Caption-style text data

|---|

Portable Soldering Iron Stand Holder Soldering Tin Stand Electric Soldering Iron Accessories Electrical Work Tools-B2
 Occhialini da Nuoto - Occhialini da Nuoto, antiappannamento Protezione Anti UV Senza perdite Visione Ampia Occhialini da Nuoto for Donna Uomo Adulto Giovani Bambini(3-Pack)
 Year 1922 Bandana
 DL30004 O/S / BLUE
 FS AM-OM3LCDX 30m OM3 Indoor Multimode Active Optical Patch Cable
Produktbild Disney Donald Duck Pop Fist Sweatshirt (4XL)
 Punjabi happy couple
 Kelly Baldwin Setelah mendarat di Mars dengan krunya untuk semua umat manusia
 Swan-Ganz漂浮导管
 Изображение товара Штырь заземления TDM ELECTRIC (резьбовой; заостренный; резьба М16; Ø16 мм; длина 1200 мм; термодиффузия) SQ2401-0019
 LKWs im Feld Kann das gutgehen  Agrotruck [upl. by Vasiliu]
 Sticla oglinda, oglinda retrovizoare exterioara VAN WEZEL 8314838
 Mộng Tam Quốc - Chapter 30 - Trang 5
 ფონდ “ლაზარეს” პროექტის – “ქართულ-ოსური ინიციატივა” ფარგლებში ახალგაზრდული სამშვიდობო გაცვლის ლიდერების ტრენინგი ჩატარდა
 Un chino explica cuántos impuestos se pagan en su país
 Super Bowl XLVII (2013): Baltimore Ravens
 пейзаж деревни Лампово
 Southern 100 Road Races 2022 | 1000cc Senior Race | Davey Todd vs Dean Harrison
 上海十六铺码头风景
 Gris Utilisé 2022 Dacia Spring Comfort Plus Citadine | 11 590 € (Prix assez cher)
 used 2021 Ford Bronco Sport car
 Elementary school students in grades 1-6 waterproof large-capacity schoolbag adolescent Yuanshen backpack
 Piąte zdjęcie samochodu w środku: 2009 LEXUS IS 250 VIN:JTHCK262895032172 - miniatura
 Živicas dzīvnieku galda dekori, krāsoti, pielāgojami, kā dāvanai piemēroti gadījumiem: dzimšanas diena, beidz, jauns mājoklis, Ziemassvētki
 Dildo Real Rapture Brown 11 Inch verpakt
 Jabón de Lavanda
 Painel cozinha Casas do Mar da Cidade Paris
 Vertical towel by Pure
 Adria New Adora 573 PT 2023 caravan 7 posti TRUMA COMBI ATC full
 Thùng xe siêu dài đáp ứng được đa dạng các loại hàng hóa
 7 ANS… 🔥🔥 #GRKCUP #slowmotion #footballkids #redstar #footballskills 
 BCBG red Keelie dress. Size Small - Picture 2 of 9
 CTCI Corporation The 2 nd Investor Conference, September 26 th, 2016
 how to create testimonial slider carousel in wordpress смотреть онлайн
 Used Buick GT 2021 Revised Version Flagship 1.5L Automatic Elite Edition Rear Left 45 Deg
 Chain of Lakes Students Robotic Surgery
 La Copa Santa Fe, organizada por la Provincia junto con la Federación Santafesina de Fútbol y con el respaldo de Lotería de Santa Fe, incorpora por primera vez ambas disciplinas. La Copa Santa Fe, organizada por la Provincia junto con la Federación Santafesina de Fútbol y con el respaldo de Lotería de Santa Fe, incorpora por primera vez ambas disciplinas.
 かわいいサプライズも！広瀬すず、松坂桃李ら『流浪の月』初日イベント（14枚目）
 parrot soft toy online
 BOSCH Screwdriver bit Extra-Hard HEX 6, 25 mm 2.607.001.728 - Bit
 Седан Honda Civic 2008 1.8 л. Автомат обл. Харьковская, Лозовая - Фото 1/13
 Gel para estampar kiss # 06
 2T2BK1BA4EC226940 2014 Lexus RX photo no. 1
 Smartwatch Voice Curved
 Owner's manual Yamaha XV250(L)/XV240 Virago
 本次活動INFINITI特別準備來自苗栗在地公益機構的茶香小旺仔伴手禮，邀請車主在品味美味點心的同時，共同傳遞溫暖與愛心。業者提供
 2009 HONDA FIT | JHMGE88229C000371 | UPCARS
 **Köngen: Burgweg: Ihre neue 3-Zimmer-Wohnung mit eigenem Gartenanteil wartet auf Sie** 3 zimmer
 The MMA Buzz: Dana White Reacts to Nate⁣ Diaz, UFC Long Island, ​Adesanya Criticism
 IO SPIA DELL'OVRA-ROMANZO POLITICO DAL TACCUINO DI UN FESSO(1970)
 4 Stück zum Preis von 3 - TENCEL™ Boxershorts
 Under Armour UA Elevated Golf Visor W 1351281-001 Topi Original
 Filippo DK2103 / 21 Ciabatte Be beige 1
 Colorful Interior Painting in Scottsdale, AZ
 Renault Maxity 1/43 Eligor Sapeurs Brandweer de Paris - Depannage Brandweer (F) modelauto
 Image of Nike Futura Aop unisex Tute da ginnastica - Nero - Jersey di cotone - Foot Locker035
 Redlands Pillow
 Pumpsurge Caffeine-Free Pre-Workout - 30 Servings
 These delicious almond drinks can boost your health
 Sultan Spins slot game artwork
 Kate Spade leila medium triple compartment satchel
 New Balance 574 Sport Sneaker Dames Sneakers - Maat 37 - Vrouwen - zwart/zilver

|---|

--- Task instructions ---
Each line in which the string "Sport" is found must be copied from the data.

--- Output of the exercise ---
 used 2021 Ford Bronco Sport car
 New Balance 574 Sport Sneaker Dames Sneakers - Maat 37 - Vrouwen - zwart/zilver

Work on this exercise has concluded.